(Work to be completed): Find the line below with "BOCCHI - Sottile" and the line with "Pure Vie All-in-One". Output them and the lines between, exactly, but not the pictures.

** Opening Dataset content block **

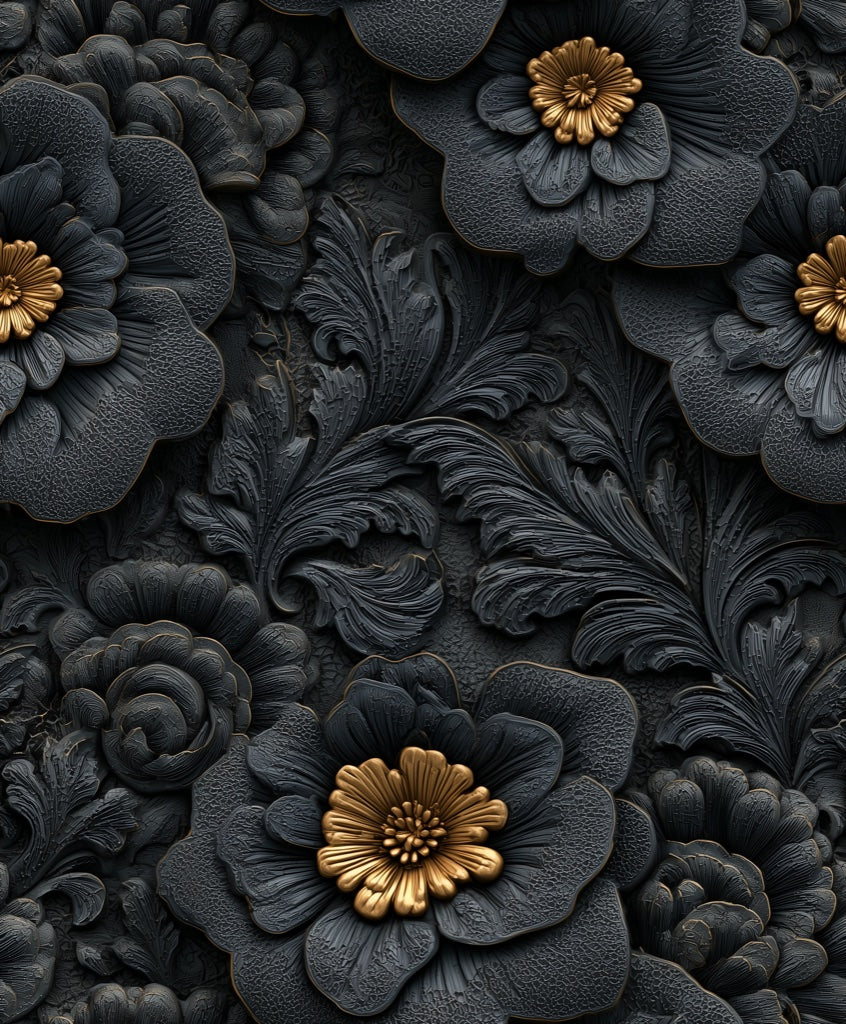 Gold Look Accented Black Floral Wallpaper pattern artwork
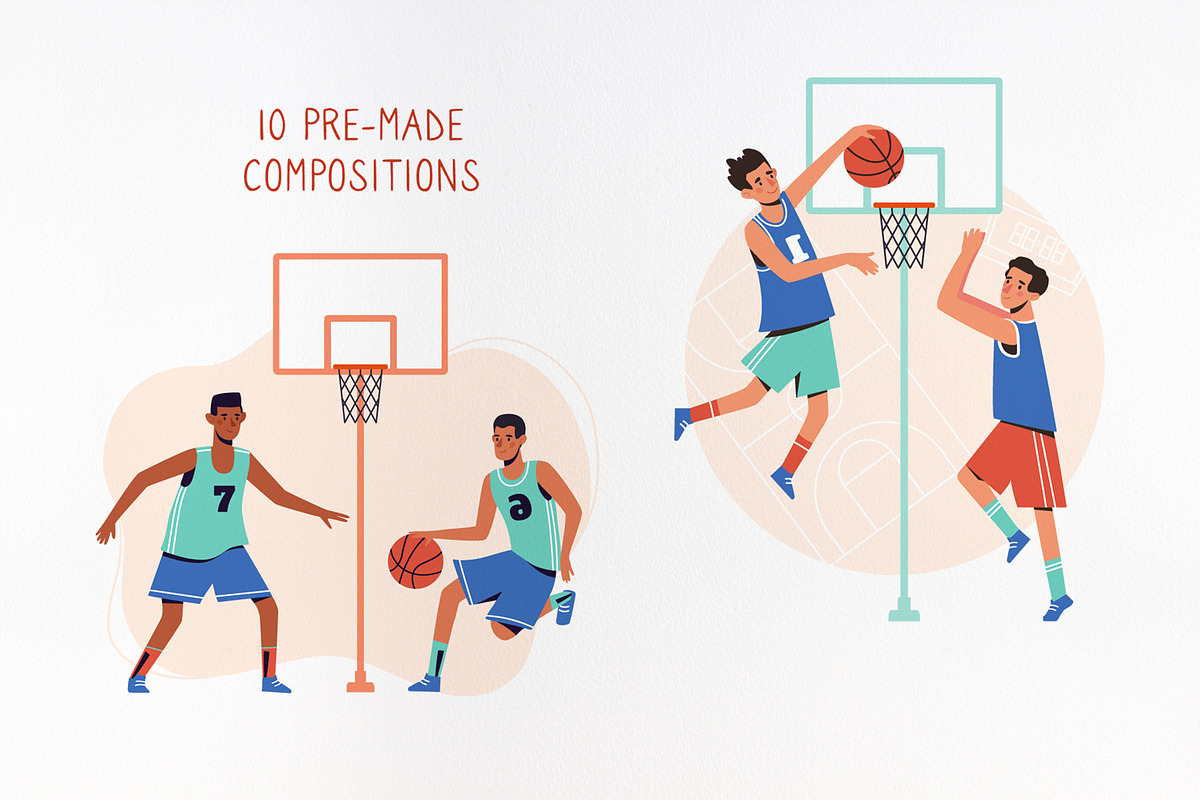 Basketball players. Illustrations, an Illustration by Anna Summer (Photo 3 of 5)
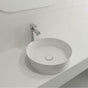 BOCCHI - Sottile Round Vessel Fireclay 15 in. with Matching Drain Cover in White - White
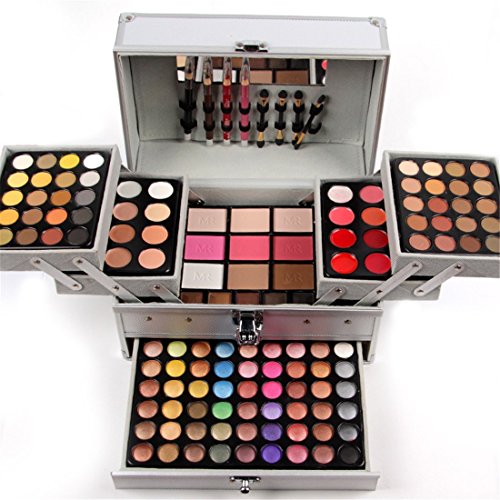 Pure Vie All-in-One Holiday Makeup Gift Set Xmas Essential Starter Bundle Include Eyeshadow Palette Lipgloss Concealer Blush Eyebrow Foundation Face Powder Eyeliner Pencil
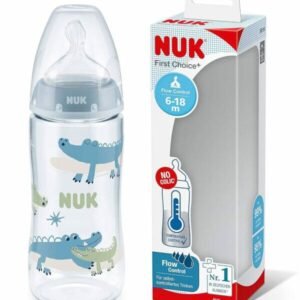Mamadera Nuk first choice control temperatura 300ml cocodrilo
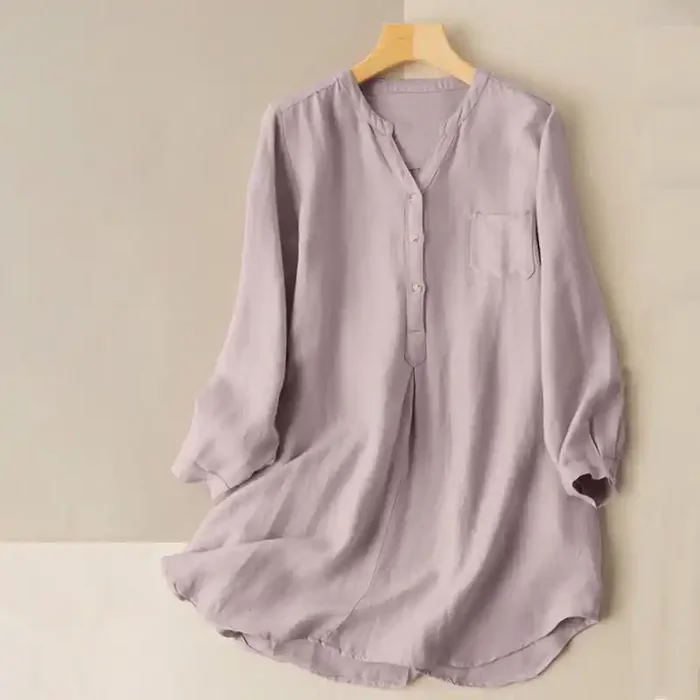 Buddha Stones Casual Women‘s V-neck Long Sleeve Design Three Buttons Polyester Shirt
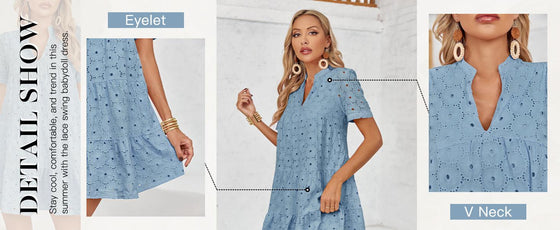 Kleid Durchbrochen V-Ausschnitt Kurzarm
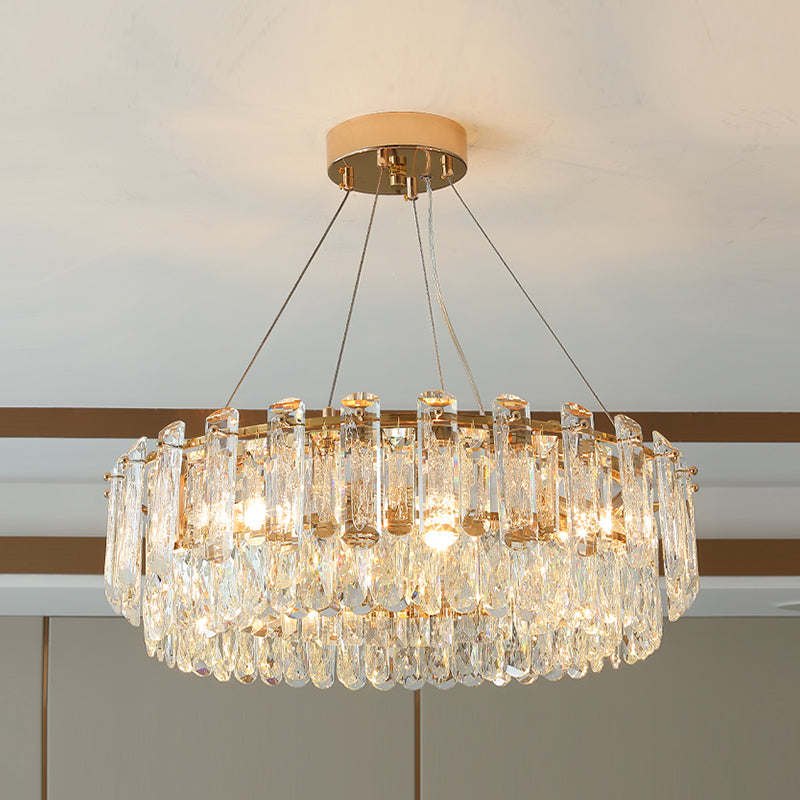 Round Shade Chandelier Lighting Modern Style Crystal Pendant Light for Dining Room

** Closing Dataset content block **

(Answer for the task):
 BOCCHI - Sottile Round Vessel Fireclay 15 in. with Matching Drain Cover in White - White
 Pure Vie All-in-One Holiday Makeup Gift Set Xmas Essential Starter Bundle Include Eyeshadow Palette Lipgloss Concealer Blush Eyebrow Foundation Face Powder Eyeliner Pencil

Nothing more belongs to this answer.